### TASK ITEM
All the lines below need retyping exactly, apart from the images.

### RAW DATA
>>>

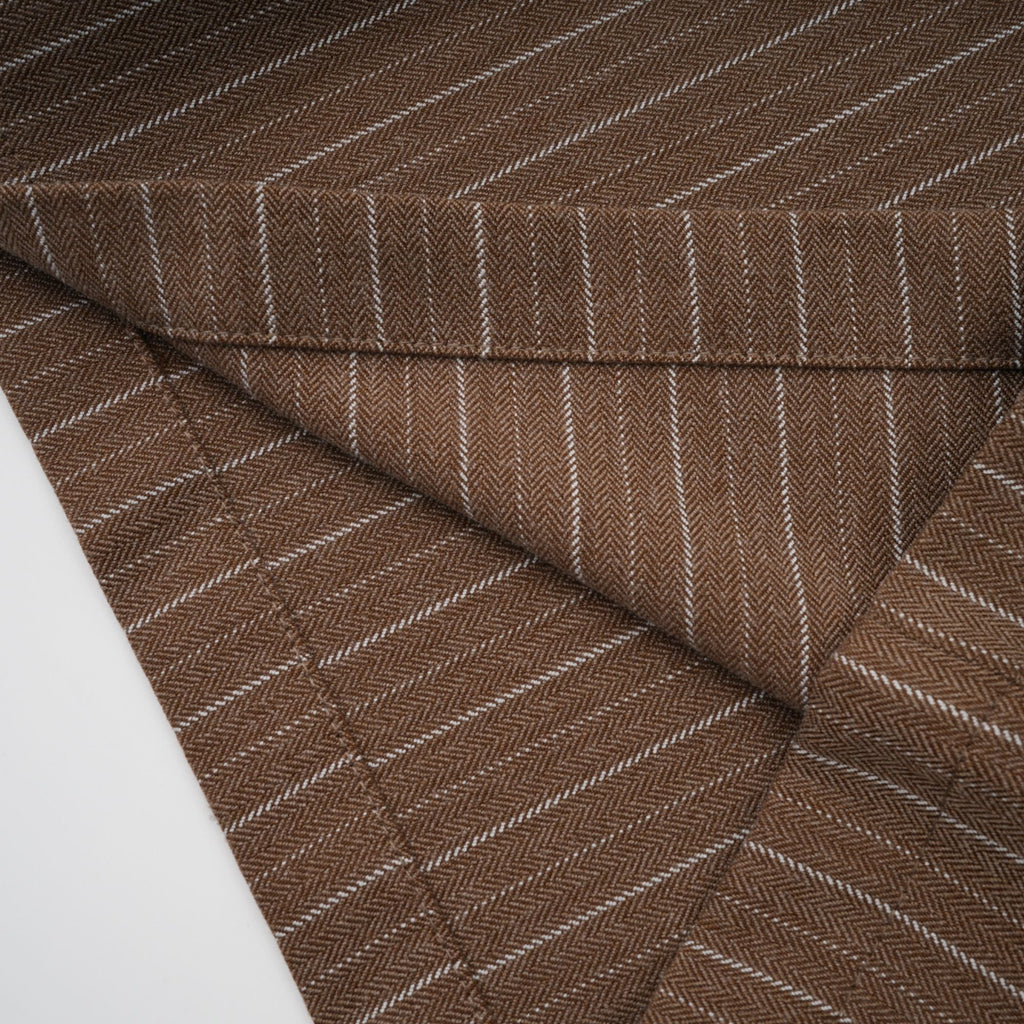 Clémence Brown Striped Trousers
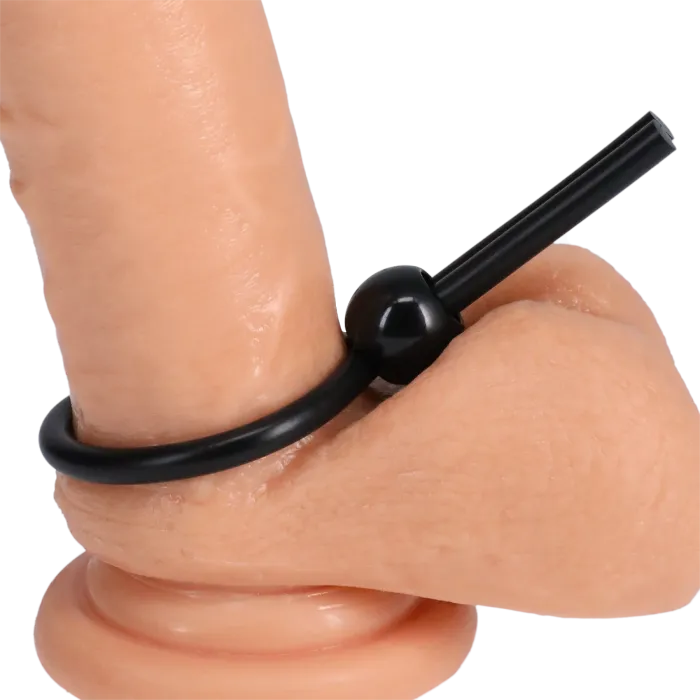 ROCK SOLID Lasso Single Lock Penisring Zwart verstelbaar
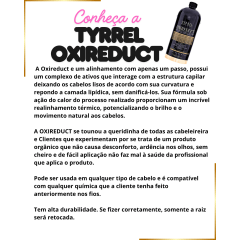 Kit Progressiva Tyrrel Oxireduct 1L + Shampoo Hidratante + SOS Anti-Emborrachamento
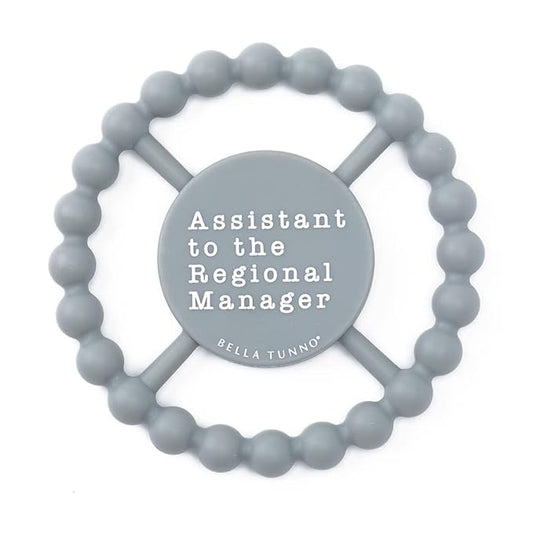 Bella Tunno Happy Teether ??Soft & Easy Grip Baby Teether Toy, Silicone Teether Ring to Help Soothe Gums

<<<

### EXPECTED ANSWER
 Clémence Brown Striped Trousers
 ROCK SOLID Lasso Single Lock Penisring Zwart verstelbaar
 Kit Progressiva Tyrrel Oxireduct 1L + Shampoo Hidratante + SOS Anti-Emborrachamento
 Bella Tunno Happy Teether ??Soft & Easy Grip Baby Teether Toy, Silicone Teether Ring to Help Soothe Gums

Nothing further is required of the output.